🤖 AI Summary
Multi-task learning (MTL) often suffers from “optimization imbalance,” where gradient interference among tasks degrades performance below that of single-task baselines. This work systematically identifies inter-task gradient norm disparity as the primary cause. To address it, we propose a gradient-aware loss scaling strategy: dynamically adjusting task-specific loss weights according to their respective gradient norms—requiring no architectural modifications or costly hyperparameter grid search. Initialized with vision foundation models, we conduct cross-task empirical analysis across multiple benchmarks, demonstrating that our method significantly mitigates task interference, matches the performance of optimally hand-tuned baselines, and exhibits strong generalization. Our core contribution is establishing a quantitative link between gradient dynamics and optimization imbalance, and delivering a simple, efficient, plug-and-play solution for robust MTL optimization.
📝 Abstract
Multi-task learning (MTL) aims to build general-purpose vision systems by training a single network to perform multiple tasks jointly.
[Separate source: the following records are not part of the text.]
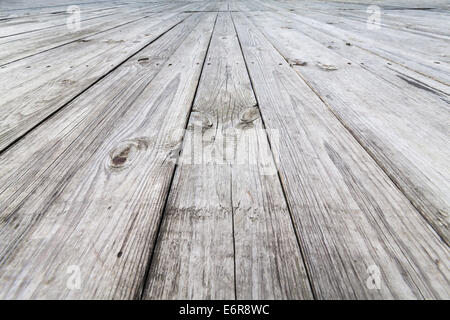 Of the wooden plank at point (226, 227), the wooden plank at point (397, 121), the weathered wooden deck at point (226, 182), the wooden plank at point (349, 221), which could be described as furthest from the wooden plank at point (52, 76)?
the wooden plank at point (397, 121)

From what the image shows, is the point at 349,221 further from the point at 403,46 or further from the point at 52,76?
the point at 403,46

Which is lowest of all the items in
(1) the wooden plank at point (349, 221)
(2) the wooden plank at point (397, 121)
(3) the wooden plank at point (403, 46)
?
(1) the wooden plank at point (349, 221)

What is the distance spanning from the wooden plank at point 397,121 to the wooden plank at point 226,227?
0.27 m

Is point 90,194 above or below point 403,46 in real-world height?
below

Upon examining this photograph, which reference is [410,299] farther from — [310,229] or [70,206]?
[70,206]

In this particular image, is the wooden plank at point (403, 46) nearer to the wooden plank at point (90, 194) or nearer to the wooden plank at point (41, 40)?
the wooden plank at point (90, 194)

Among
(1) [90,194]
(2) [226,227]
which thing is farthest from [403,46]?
(1) [90,194]

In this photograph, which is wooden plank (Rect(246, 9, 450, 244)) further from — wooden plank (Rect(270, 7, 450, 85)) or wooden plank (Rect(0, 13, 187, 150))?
wooden plank (Rect(0, 13, 187, 150))

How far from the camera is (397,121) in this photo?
69cm

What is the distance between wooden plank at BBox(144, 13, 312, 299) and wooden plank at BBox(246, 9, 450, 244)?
0.27 metres

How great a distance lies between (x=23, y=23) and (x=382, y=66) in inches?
117

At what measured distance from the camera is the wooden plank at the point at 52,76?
727mm

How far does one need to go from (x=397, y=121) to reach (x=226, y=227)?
62 cm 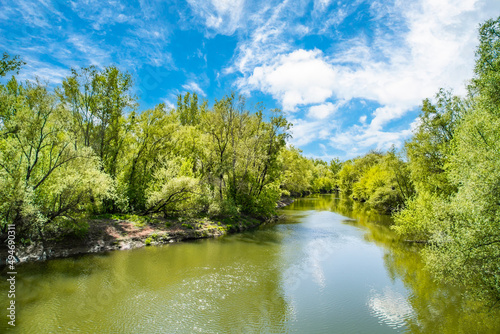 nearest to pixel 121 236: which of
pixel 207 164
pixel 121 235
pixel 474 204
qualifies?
pixel 121 235

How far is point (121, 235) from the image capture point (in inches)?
872

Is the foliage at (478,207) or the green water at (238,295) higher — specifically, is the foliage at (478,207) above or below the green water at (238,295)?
above

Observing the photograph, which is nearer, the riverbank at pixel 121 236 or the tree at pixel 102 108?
the riverbank at pixel 121 236

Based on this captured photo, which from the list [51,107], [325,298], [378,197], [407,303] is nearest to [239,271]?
[325,298]

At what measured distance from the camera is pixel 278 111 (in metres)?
37.1

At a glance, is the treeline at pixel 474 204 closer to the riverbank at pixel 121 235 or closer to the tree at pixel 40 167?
the riverbank at pixel 121 235

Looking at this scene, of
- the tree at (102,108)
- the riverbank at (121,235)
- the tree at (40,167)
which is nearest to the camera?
the tree at (40,167)

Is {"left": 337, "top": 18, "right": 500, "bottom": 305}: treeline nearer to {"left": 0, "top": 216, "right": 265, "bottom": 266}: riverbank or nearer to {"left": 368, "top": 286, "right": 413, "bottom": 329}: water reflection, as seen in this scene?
{"left": 368, "top": 286, "right": 413, "bottom": 329}: water reflection

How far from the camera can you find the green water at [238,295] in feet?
35.5

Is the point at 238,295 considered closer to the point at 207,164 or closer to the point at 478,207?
the point at 478,207

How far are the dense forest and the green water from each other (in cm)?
212

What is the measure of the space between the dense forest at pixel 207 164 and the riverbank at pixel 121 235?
1130 mm

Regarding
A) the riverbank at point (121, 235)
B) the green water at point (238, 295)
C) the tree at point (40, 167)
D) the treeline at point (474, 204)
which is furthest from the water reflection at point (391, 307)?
the tree at point (40, 167)

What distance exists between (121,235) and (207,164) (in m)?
17.0
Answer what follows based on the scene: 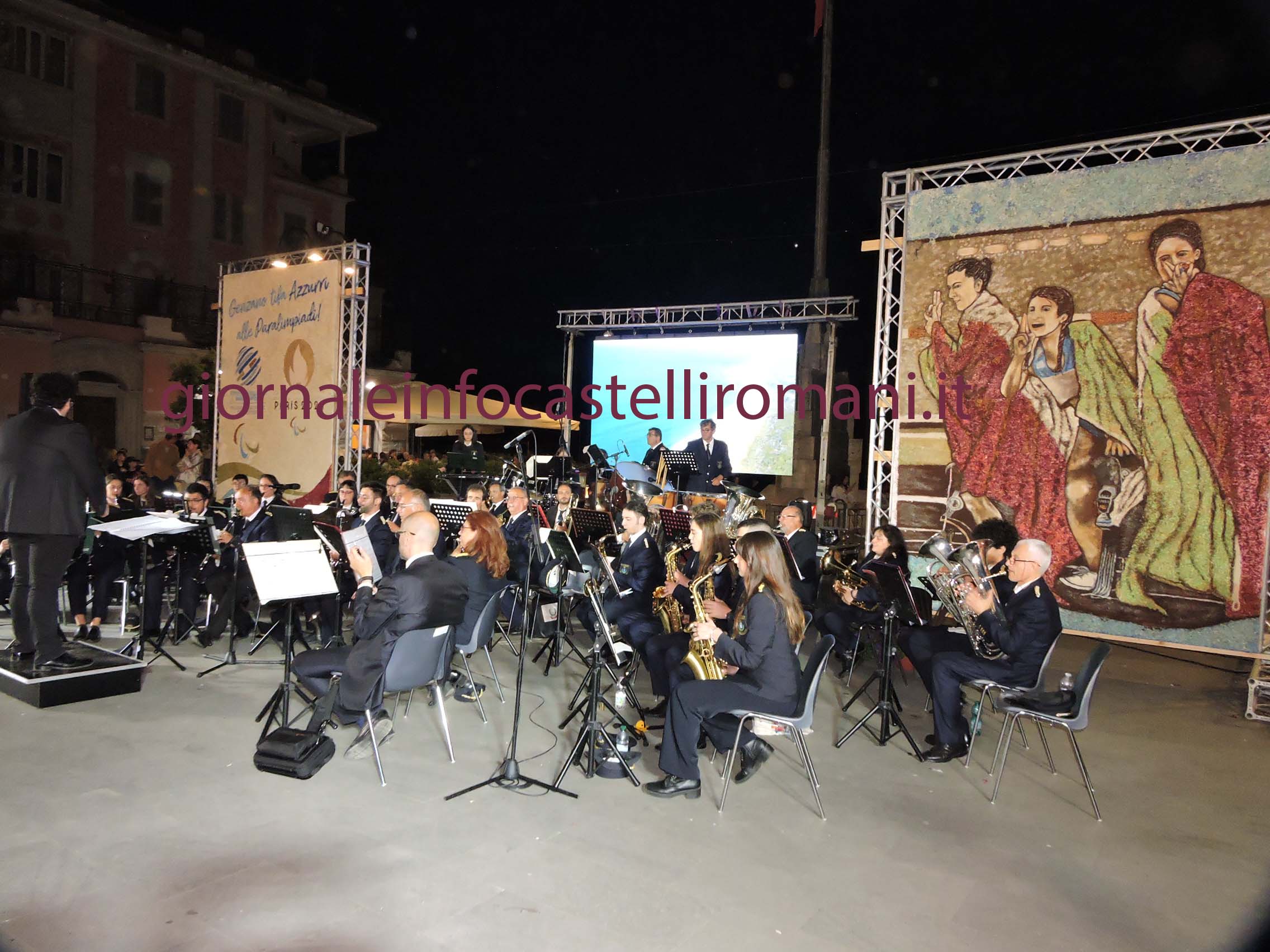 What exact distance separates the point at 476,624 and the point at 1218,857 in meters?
4.24

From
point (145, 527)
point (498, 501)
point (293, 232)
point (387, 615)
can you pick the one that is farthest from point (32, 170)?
point (387, 615)

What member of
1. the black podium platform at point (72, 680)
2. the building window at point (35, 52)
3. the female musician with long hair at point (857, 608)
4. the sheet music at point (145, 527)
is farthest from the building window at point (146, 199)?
the female musician with long hair at point (857, 608)

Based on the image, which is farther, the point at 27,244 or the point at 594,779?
the point at 27,244

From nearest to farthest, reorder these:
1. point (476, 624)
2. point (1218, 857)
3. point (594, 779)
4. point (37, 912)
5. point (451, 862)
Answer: point (37, 912)
point (451, 862)
point (1218, 857)
point (594, 779)
point (476, 624)

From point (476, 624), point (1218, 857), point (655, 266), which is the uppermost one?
point (655, 266)

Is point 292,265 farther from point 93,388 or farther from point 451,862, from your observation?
point 451,862

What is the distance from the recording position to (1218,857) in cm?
412

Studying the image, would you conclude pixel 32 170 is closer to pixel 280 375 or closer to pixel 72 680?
pixel 280 375

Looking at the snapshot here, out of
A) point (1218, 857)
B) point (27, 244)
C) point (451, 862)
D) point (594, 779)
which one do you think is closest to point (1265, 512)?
point (1218, 857)

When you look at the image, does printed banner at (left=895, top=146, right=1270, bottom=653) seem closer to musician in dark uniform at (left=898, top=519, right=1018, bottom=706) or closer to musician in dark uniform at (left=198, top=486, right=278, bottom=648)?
musician in dark uniform at (left=898, top=519, right=1018, bottom=706)

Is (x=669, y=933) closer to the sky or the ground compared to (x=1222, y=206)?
closer to the ground

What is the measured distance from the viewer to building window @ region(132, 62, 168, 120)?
20.9 metres

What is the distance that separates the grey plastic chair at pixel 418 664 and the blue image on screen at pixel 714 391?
32.4ft

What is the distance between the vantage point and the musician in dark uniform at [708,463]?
11430 mm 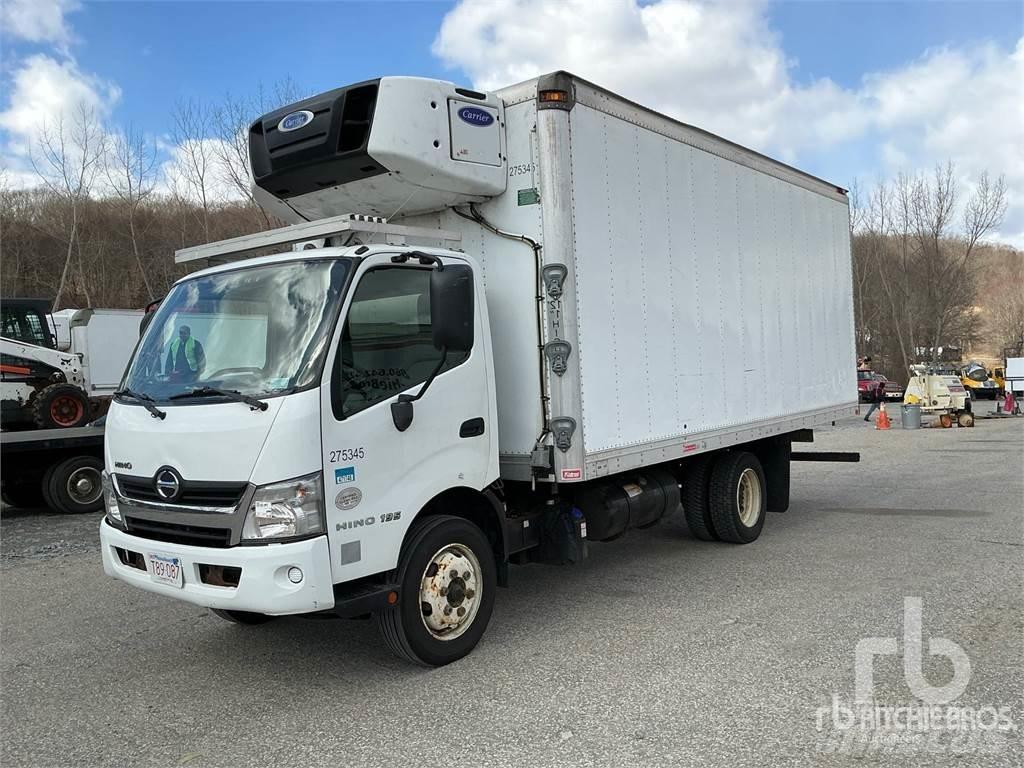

While promising, its potential is often hindered by "unbalanced optimization", where task interference leads to subpar performance compared to single-task models. To facilitate research in MTL, this paper presents a systematic experimental analysis to dissect the factors contributing to this persistent problem. Our investigation confirms that the performance of existing optimization methods varies inconsistently across datasets, and advanced architectures still rely on costly grid-searched loss weights. Furthermore, we show that while powerful Vision Foundation Models (VFMs) provide strong initialization, they do not inherently resolve the optimization imbalance, and merely increasing data quantity offers limited benefits. A crucial finding emerges from our analysis: a strong correlation exists between the optimization imbalance and the norm of task-specific gradients. We demonstrate that this insight is directly applicable, showing that a straightforward strategy of scaling task losses according to their gradient norms can achieve performance comparable to that of an extensive and computationally expensive grid search. Our comprehensive analysis suggests that understanding and controlling gradient dynamics is a more direct path to stable MTL than developing increasingly complex methods.